Let’s use LinkedIn as an example. Recruiters spend a lot of their day using this tool, building up connections, posting jobs, searching for candidates, and more. It’s really easy to publish articles on LinkedIn, and a fair amount of people will see your articles in their news feeds without much effort on your part. This is appealing in recruitment marketing. BUT – LinkedIn controls who sees your content. If they change their algorithm, your post views could rapidly decline. They can block you from using the site altogether for violating any of their terms of service. Furthermore, you’re not creating a funnel of your own – the only way you can interact with your audience is on LinkedIn, and only on terms defined by LinkedIn. You’re driving traffic and results for LinkedIn instead of your own business.

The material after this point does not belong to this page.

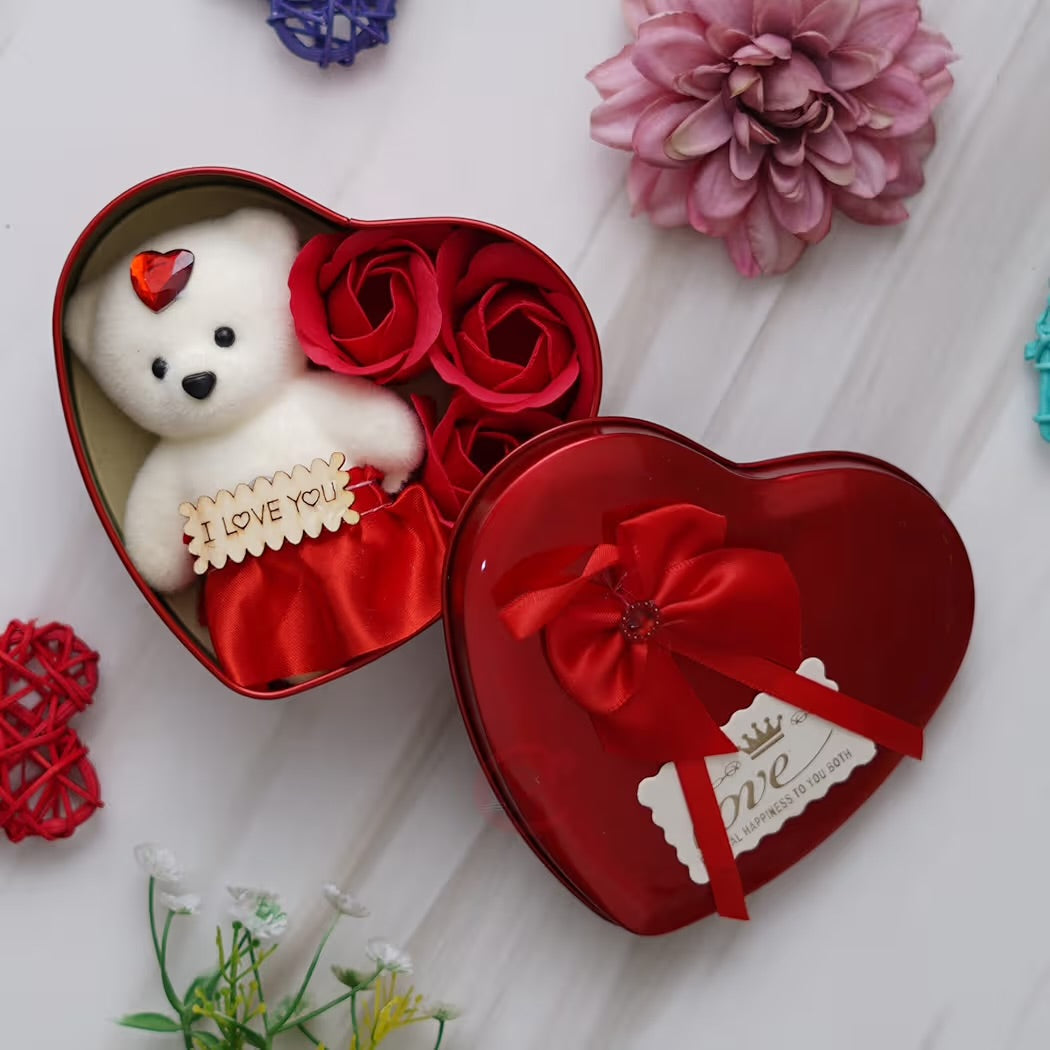 Heart Shaped Tin Box gift for her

The same is true on Facebook – look at the recent changes to their company pages. We’ve seen a dramatic decline in reach on ours – posts that used to reach several hundred people now routinely only get to a few dozen. What if they remove company pages altogether? How will you rebuild your audience somewhere else when your only means of contacting them has been discontinued?

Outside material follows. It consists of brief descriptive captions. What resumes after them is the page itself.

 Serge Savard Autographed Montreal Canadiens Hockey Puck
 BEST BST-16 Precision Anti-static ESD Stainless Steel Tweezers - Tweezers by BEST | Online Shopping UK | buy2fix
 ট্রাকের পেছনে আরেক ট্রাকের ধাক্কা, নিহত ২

So what’s the solution? Build and host your own assets, and be savvy in how you use social media. There really aren’t any shortcuts. At a minimum:
- Build your own website that includes a self-hosted blog. Publish your articles there.

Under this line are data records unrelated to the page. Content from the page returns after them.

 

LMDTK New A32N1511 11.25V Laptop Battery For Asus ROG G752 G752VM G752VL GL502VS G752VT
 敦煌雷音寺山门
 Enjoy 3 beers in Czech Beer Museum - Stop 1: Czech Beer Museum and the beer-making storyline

- Build your own recruitment marketing email list. Allow people to subscribe to your blog by email. This will help you convert site visitors to marketing leads, with a relationship that YOU control. We lost all of our blog subscribers when our distribution tool was purchased and the new owner discontinued it. It took more than a year to recover.
- Use social media to amplify your online presence and drive traffic back to your own site. Some ideas:
- Write summaries of your articles on LinkedIn, with a “read more” link that drives readers back to your site for the full article.
- Repurpose your blogs into Tweets that include a link to the full post on your own site.
- Create images for your blogs and post the images on Facebook, with a link to your own site. You can do this with Instagram as well, but it’s a bit trickier.
- Invest in a scheduling tool (I use the free version of HootSuite) to easily post social content across multiple social media accounts.
I’m a huge fan of social media and the ways it can support your recruitment marketing efforts. I’m not a fan of giving up control of the content you work so hard to create. Don’t use your content to make money for LinkedIn, Facebook, or any other third-party platform.
It’s refreshing to see someone who is not encouraging more dedication to the social media platforms. We are becoming too narrow in considering platforms like Linkedin to be the only solution and they, in turn, get to overcharge us for their use. We need to do an “end around” and develop other avenues of sourcing.
Hi Paul, thanks for your comment! I am not discouraging use of social media, but definitely think it should be a SUPPLEMENT to your own assets/website/blog/email list. I have heard too many horror stories about recruiters and other business people who used Facebook instead of their own website, or LinkedIn instead of their own ATS or email list … and then the rules changed, and they lost everything they thought they had built. That’s why I love that phrase about never building on rented land … you wouldn’t build a garage for a house you rent, so why build content and traffic that benefits someone else’s website/service?